To determine whether Cdk1 regulates Net1 localization or signaling in cells, we treated asynchronous HeLa cells with roscovitine for 2 hours, and then fixed and stained the cells for endogenous Net1, F-actin, and DNA. We tested for effects on F-actin content, as active RhoA promotes F-actin accumulation by stimulating mDia-dependent F-actin polymerization, by promoting actomyosin contraction, and by inhibiting cofilin-dependent F-actin severing [34, 35]. We observed that endogenous Net1 was localized to the cytoplasm and the mitotic spindle in metaphase cells (Fig. 4E). Interestingly, treatment with the Cdk1 inhibitor did not displace Net1 from the spindle. However, it did lead to a small but statistically significant increase in Net1 localization to the plasma membrane (Fig. 4E-G, left panels). Cdk1 inhibition also caused a robust increase in cortical F-actin staining (Fig. 4E-G, middle panels). These data suggest that Cdk1 displaces Net1 from the plasma membrane where it would otherwise activate RhoA and promote excess cortical actin polymerization.

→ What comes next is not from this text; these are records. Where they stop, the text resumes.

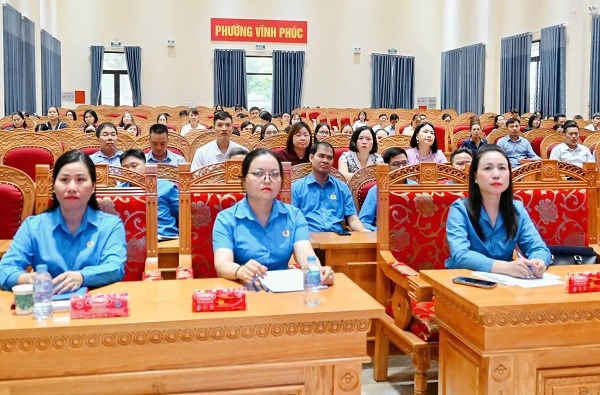 Pay attention to building a team of trade union officials to meet the requirements and tasks in the new situation. In the photo, trainees participating in the legal training class of Phu Tho Provincial Labor Federation. Photo: Phu Tho Labor Federation posted on September 9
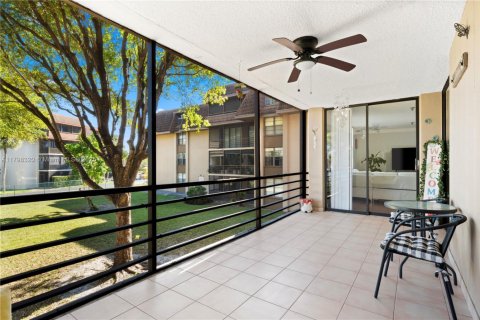Condominio en venta en Miami, Florida, 2 dormitorios, 111.2 m2 № 1713161 - foto 15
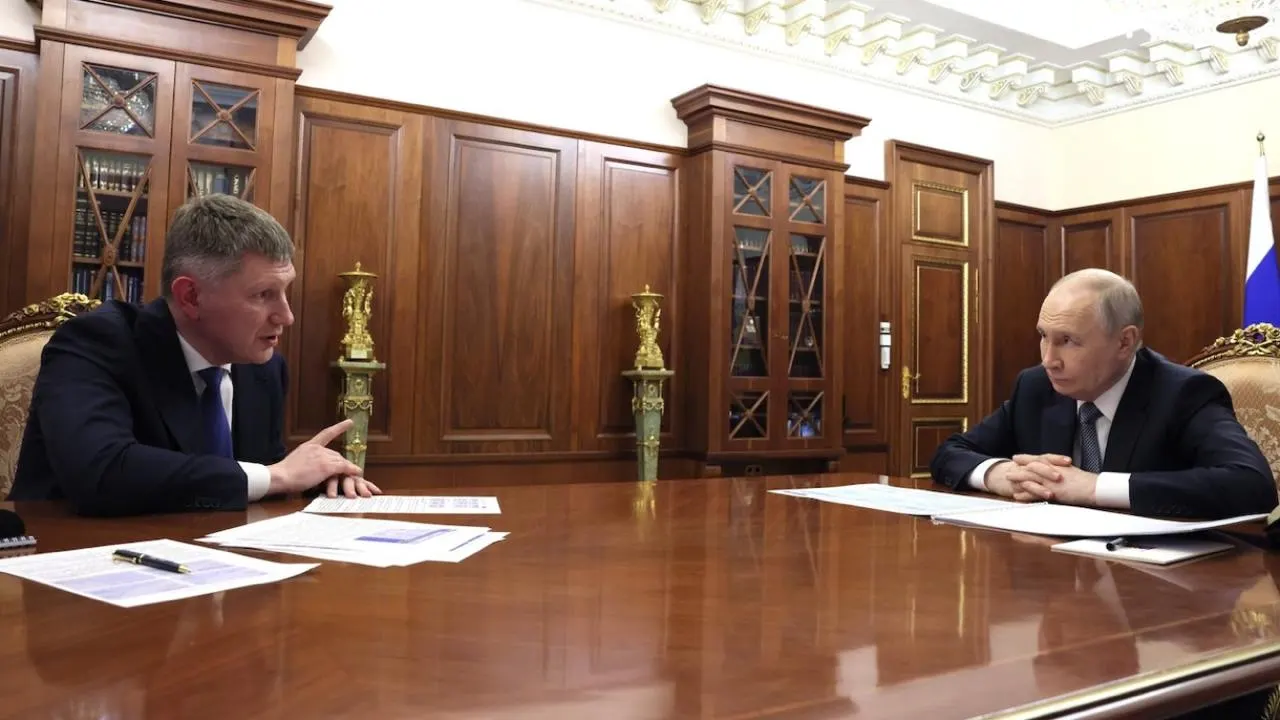Министр экономического развития Максим Решетников заявил президенту, что экономика России сокращает отставание от США по темпам роста: по итогам 2025 года ВВП на душу населения достиг почти 56% от уровня США, хотя по абсолютным показателям страна всё ещё значительно уступает.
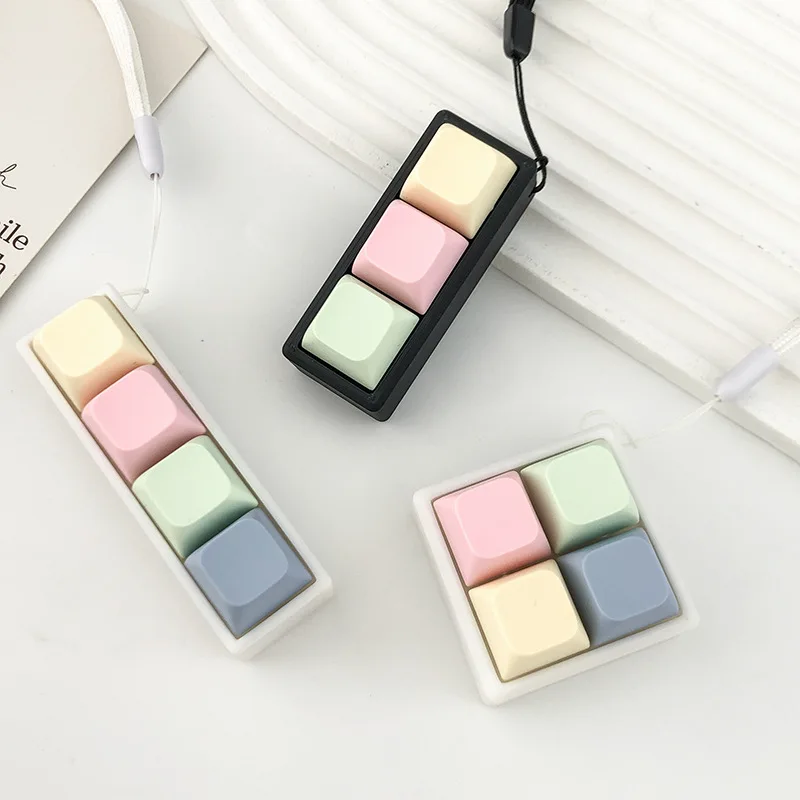 Click Toys Keyboard Keychain Pendant Decompression Keys PC Cap Fingertip Press Mechanical Keyboard Fidget Boredom Toys
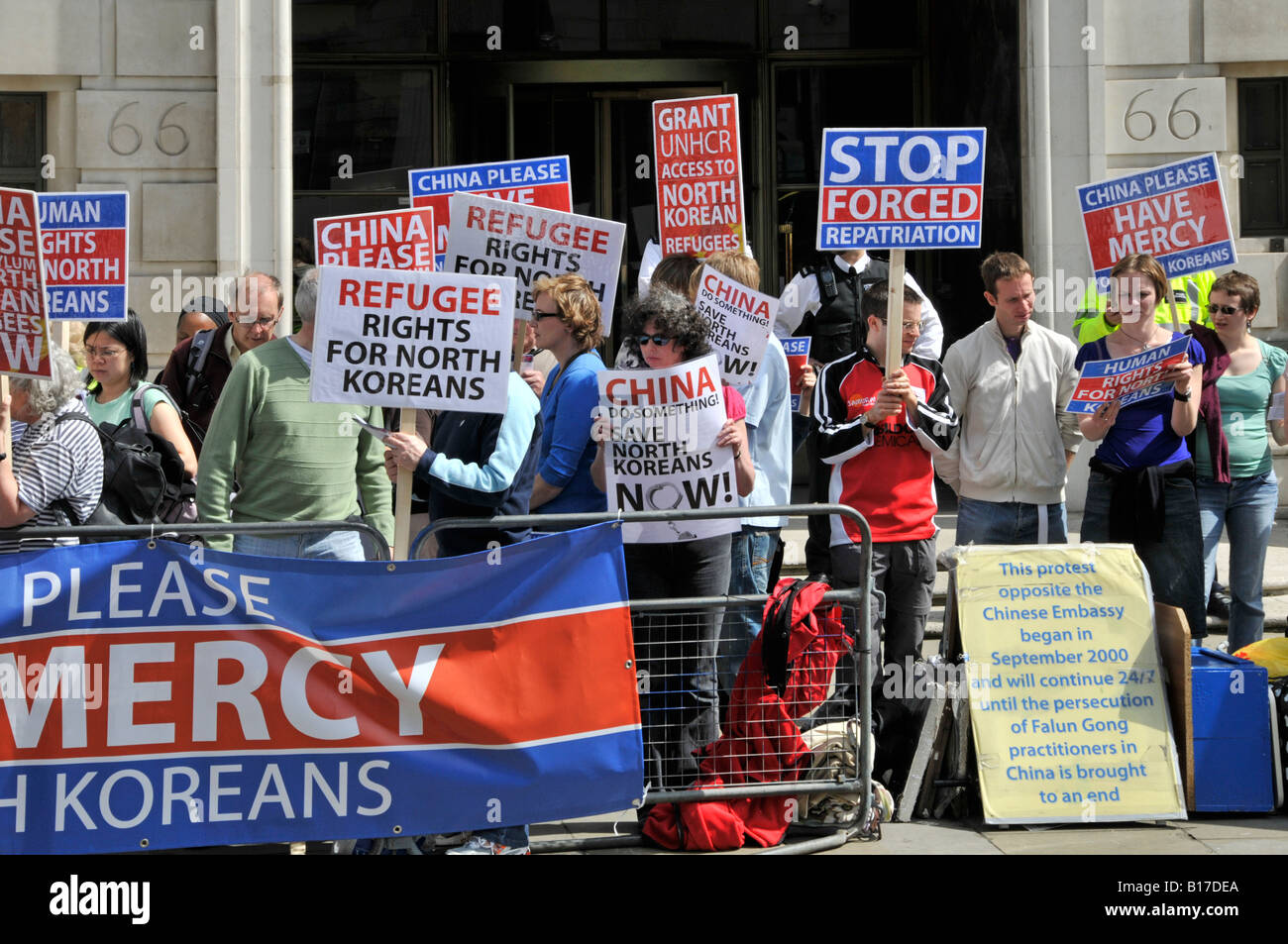 Londra persone che protestano di fronte alla ambasciata cinese circa i diritti dei profughi per il nord coreani Foto Stock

To determine whether overexpressed Net1 behaved similarly to the endogenous protein, HeLa cells were transfected with wild type HA-Net1 and then treated with vehicle or roscovitine for two hours. The localization of HA-Net1 and cortical F-actin content in metaphase cells were then quantified. Surprisingly, we observed that overexpressed HA-Net1 did not localize significantly to the mitotic spindle. However, the plasma membrane localization of HA-Net1 was increased by Cdk1 inhibition, and this was accompanied by an increase in cortical F-actin staining (Fig. 5A-C). Thus, overexpressed Net1 did faithfully recapitulate the effects of Cdk1 regulation on endogenous Net1 signaling to the actin cytoskeleton, which in interphase cells is a RhoA-dependent event [17, 18, 20] (Fig. 4).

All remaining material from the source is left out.